Où est ce lampadaire ? C'est la coupe du cœur. La lampe se tiendra en haut tandis que l'ego se laissera aller en bas de cette coupe. Alors il sera immanquablement éclairé dans ses ombres et purifié.
Ici le texte change passant du sens de la vue à celui de l'audition. Est-ce un collage maladroit du rédacteur ou y a-t-il un enseignement ? Supposons qu'il s'agisse du même enseignement. C'est la lumière présente dans le Christ et qui s'exprime à travers ses paroles qu'il s'agit de reconnaître par l'audition. Si je ne suis pas pure écoute de ces paroles c'est qu'il y a soit une distraction, soit une interprétation soit voire un jugement qui s'interpose et empêche la pure écoute. L'attention véritable est donc une pure écoute dans le silence. A vrai dire le verbe et la lumière renvoient à une seule conscience dans laquelle tous les apports des sens apparaissent. L'attention est la présence à ce qui forme la condition de possibilité de l'apparition des formes existantes : lumière et verbe.

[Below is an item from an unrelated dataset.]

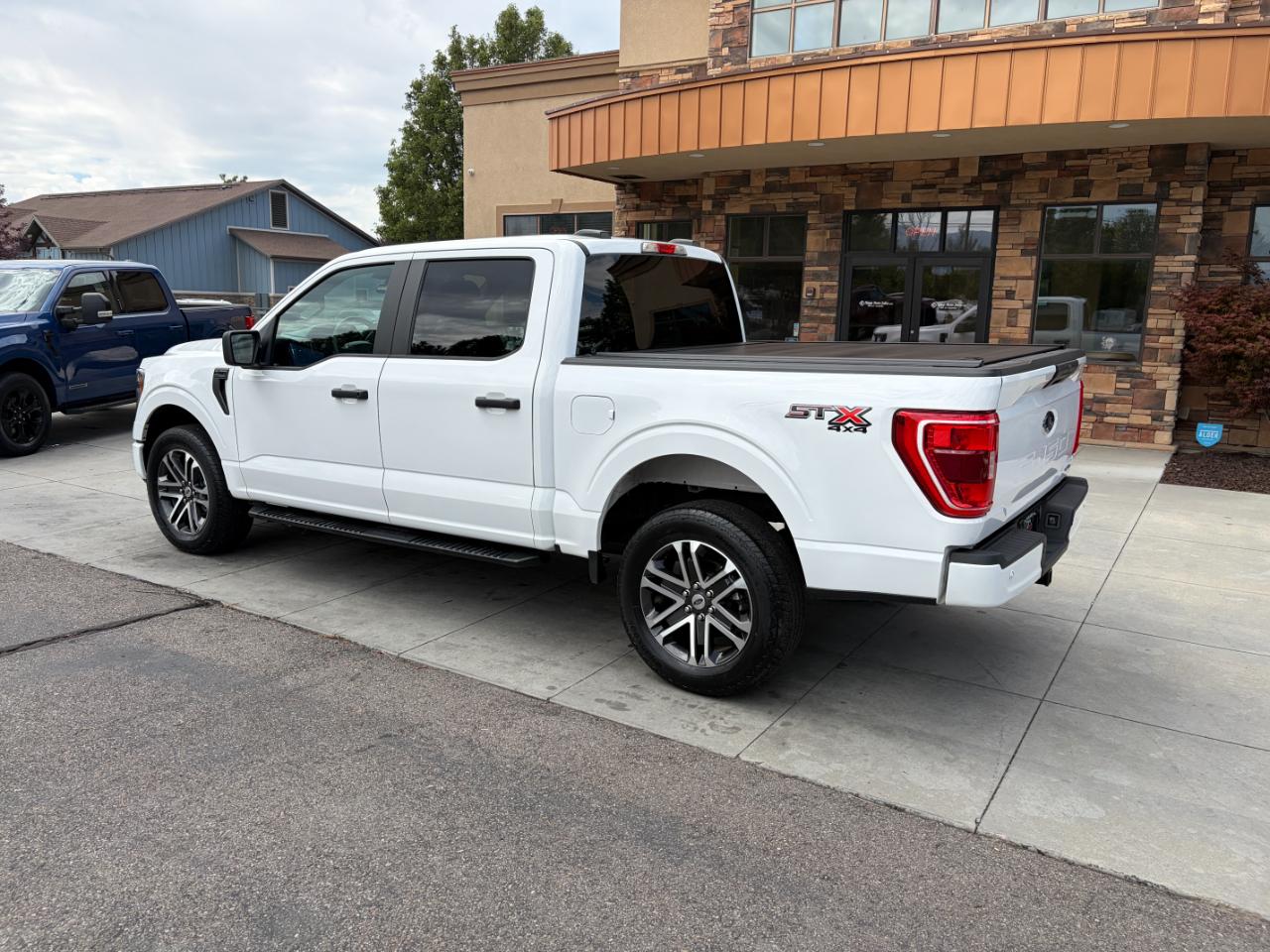 Ford F-150 XL 4WD SuperCrew 5.5' Box 2023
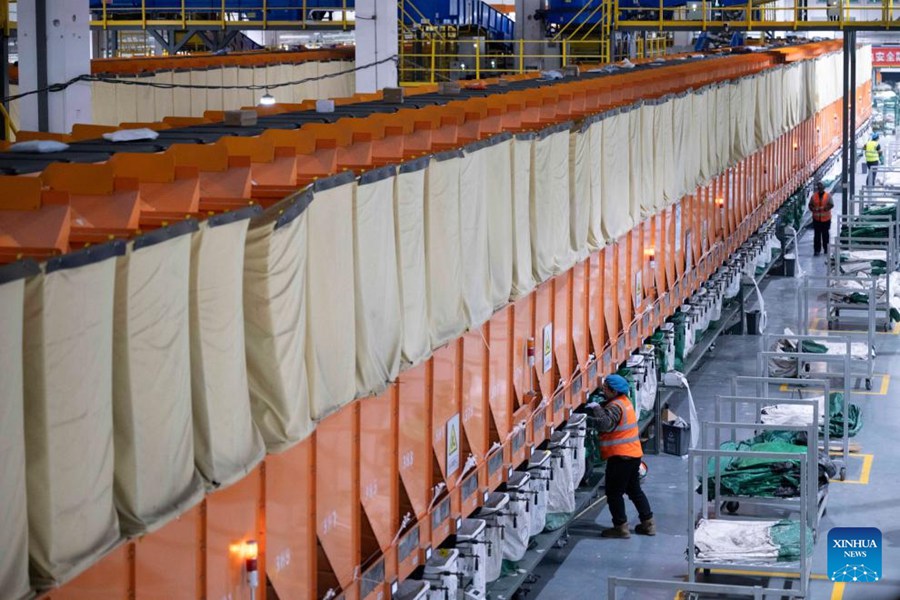 China Post si impegna a garantire la consegna dei pacchi per il festival dello shopping online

Ceci nous renvoie à une forme d'intensification de la présence de la lumière par l'écoute du verbe et d'une meilleure écoute du verbe par la concentration de la lumière.
Pour nous lecteur, le Christ propose l'expérience de l'écoute du verbe, de la lectio divina plus accessible que la lumière. Mais il s'agit bien de découvrir un point de passage de l'écoute du verbe à la prise de conscience de la lumière invisible pour l'instant mais qui brille en nous.
"La mesure dont vous vous servirait servira pour vous". Ici il n'est pas seulement question de nos critères de jugement qui serviraient à nous juger. D'ailleurs nous avons plutôt suggéré qu'écouter purement consiste à ne plus juger mais à se laisser imprégner et agir à même le verbe. Dans l'écoute pure, il n'y a pas de distance entre ce qui est dit et ce qui écoute. Ce qui est dit se fait écouter sans effort si je ne perturbe pas l'écoute. Voilà donc la mesure : laisser le verbe se faire écouter sans perturber cette écoute puisque il n'y a que par notre absence de perturbation que nous pouvons y contribuer. Appliquons-nous cette mesure dans le domaine de la vision : faisons le pari de nous laisser nous voir par la lumière divine sans la perturber. Nous passons dès lors de la lectio divina à l'oraison.
Mettons nous devant la transparence invisible dans laquelle nous apparaissons comme une pensée-sentiment de nous-même. Renonçons à la perturber en s'agitant comme pensée-sentiment se pensant et se sentant comme nous avons appris à écouter en silence sans rien commenter à côté ou du moins en relativisant le commentaire. Faisant le pari que la lumière se tient cachée dans cette transparence où d'habitude nous faisons notre lit en la recouvrant de notre pensée-sentiment. Laissons en cette transparence sur le lampadaire se révéler la lumière divine. Nous verrons d'abord qu'elle se reflète sur nous. Elle se révélera à même la pensée-sentiment de nous-même comme l'écoute se faisait à même le verbe sans distance. Cette Lumière est de la joie débordante. Comme si la coupe de notre esprit resplendissait dans la scorie déposée tout en bas que nous sommes.